Open the meeting by asking the salesperson to begin with their list of topics. Be patient, hear them out. Give them the help they need. Do not worry; they will not take up the whole hour. You will need to remind them to bring topics they need help with to the meeting.
Do not let the private one-on-one meeting run past the scheduled ending time. If you cannot cover everything in the time allotted, you need to schedule a special meeting at a later scheduled time to complete your discussions. Letting the meeting run long is poor planning, and it is not fair to the next salesperson in line for their meeting time.
The private one-on-one meeting is a practical way to track and document progress toward personal and professional goals. Everyone in the organization wants to know where they stand, where does the group stand? Following the critical metrics from week to week keeps the focus on what is essential for everyone involved. If progress is made, you can look back and celebrate the growth. If not, the private one-on-one meeting is the perfect private environment to discuss plans to get on track.
The private one-on-one meeting needs to be more than the dreaded weekly beat down. It is the best opportunity to make meaningful progress toward personal and business goals. Develop a healthy respect for the process, and you will start to see a dramatic improvement in performance.
The Special Meeting
Reserve the special meeting for the issues that come up that cannot fit into paperwork, private one-on-ones, and group meetings. The special meeting exists as a tool to keep the other three methods of communication on track and effective.
In our first example, one of your team members has an issue come up during the day, and he/she needs your help. You must stay focused on your agenda for the day and schedule time to help your team member according to your plan, not theirs.

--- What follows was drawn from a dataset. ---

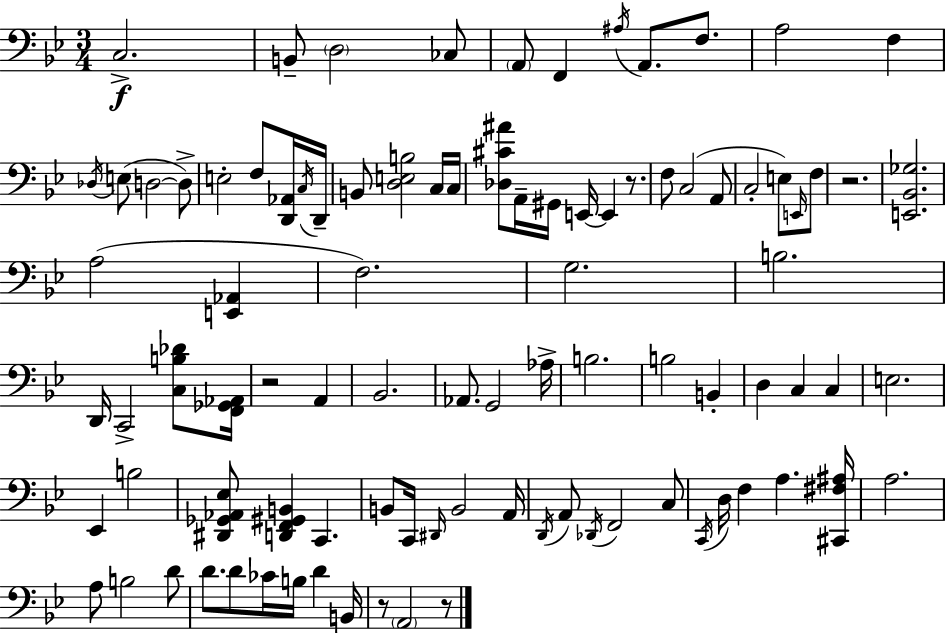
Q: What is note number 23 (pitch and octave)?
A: A2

You schedule a special meeting for the issue. Since your day is already blocked out for your activities, you will need to schedule the special meeting in one of your open slots, after 5 pm, over the lunch hour, or early the next day morning before the rest of the team arrives for work. The special meeting should have a fixed duration and start and end on time.
Use the special meeting if the private one-on-one meeting is going to run over the scheduled time. Private one-on-ones must run like clockwork so the next private one-on-one can start on time. You are responsible for keeping the schedule on track; otherwise, you affect other people and their schedules. You depreciate the value of the private one-on-one for your team members when the schedule is inconsistent. Remember, dedicate the first half of the private one-on-one to the team member’s agenda, not yours. You want them to plan for their meeting and bring their Important/Not Urgent issues to the meeting for your collective best efforts.
Special meetings are the place for disciplinary or corrective action issues. These should always be private with only the appropriate people present. As a leader, when it comes to serious issues like performance or behavior, you must have a cool head. You cannot become reactionary and lose your temper or show anger. By scheduling a private meeting for such issues, you have time to collect your thoughts, involve appropriate team members, and develop your plan. People will not always agree with your decisions. But you must always act fairly. Scheduling the special meeting gives you the time to make the right decision for the circumstances.
Gaining control over your time and your agenda is the essential task of an effective leader. You must be the person who decides how to spend your time. You cannot get it back once it is gone. You want to ensure you spend your time on your most valuable activities, the long-range strategic activities that move the organization forward. People are coming at you from all sides for a piece of your time. If you don’t guard your time, it will be easy for people to get you off your agenda with their priorities, and before you know it, other competing priorities will consume your day.